The purpose behind what God does is not to satisfy the desires of depraved intellects. The purpose behind what God does is to glorify Himself. And if He chooses to be glorified in judgment by making a vessel that is not honourable, that’s His choice. He is glorified in His own judgment and we have no right to answer back.

6. GOD’S WRATH

Verse 22, “What if God though willing to demonstrate His wrath and make His power known endured with much patience vessels of wrath prepared for destruction?”

It reminds of David in the imprecatory Psalms. “God kill the unrighteous, God kill those ungodly, kill those people that are persecuting me, kill those people that are blaspheming Your name. O God, destroy them.” And we read that and we say, “Oh, he was a righteous man and he loved holiness.” That is because we do not know anybody he was praying about. But your response would have been totally different when your pastor should suddenly one morning pray in the same way, wouldn’t you?

In the book of Revelation you could be reading for weeks and weeks about the destruction of masses of humanity. We agree with the saints under the altar in chapter 6 who are saying, “O Lord, how long…how long before You kill all these ungodly?” We do not know any of those folks. And when we get dispossessed emotionally from this thing we look with a little more objectivity.

There are an innumerable number of angels. Well a third of them fell with Satan. They were thrown out of heaven and they will spend forever in the lake of fire in torment. I do not think I have ever had anybody come to me and say, “Oh, it’s so unfair that God didn’t have a plan of salvation for demons.” None of them are friends of yours.
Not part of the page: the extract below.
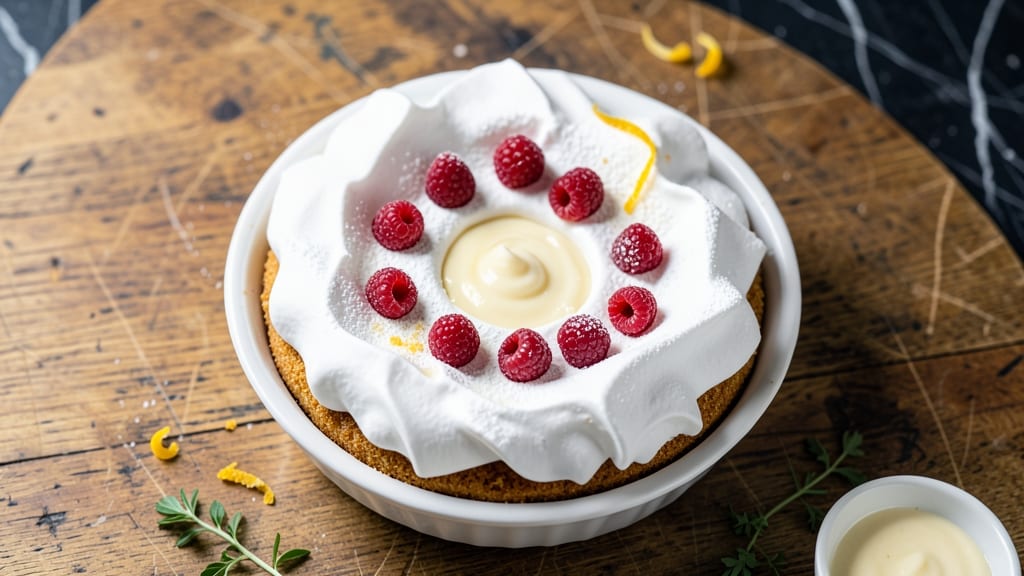 Angel Food Cake Pie Recipe: Light-as-Air Layers Without the Mess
The only way that’s going to make any sense is to put His wrath on display by contrast so you understand what His mercy and His pity and His grace mean. God acts in His wrath. He prepares vessels of wrath beforehand because His wrath is going to be a way to manifest His glory.

7. THE GOD OF SALVATION

Lastly, God is glorified in His salvation. Verse 23, “All this He did in order that He might make known the riches of His glory upon vessels of mercy which He prepared beforehand for glory even us.”
He displays His glory in making vessels of mercy which He saves. So, God will be glorified all across the spectrum of His attributes. Don’t be concerned with the mysteries of God’s determination. Do not be concerned with trying to solve all of the mysteries of the nature of God. Be concerned with your own condition. Do not be concerned with what God is doing in planning all of this, be concerned with what awaits you in eternal hell if you do not repent. Don’t be concerned with trying to unscrew the unscrutable, be concerned with repentance and remember that Jesus said, “Him that comes unto Me I’ll in no wise cast out.” Remember that Jesus said, “God so loved the world that He gave His only begotten Son that whosoever believes in Him should not perish but have everlasting life.”

The responsibility for repentance and faith is on you. That is all that should concern you. The issue of election does not become an issue until conversion then we know you are elect. “Whosoever will let him come and take of the water of life freely.” “Come unto Me all ye that labor and are heavy laden and I’ll give you rest.” These are the invitations the Bible extends.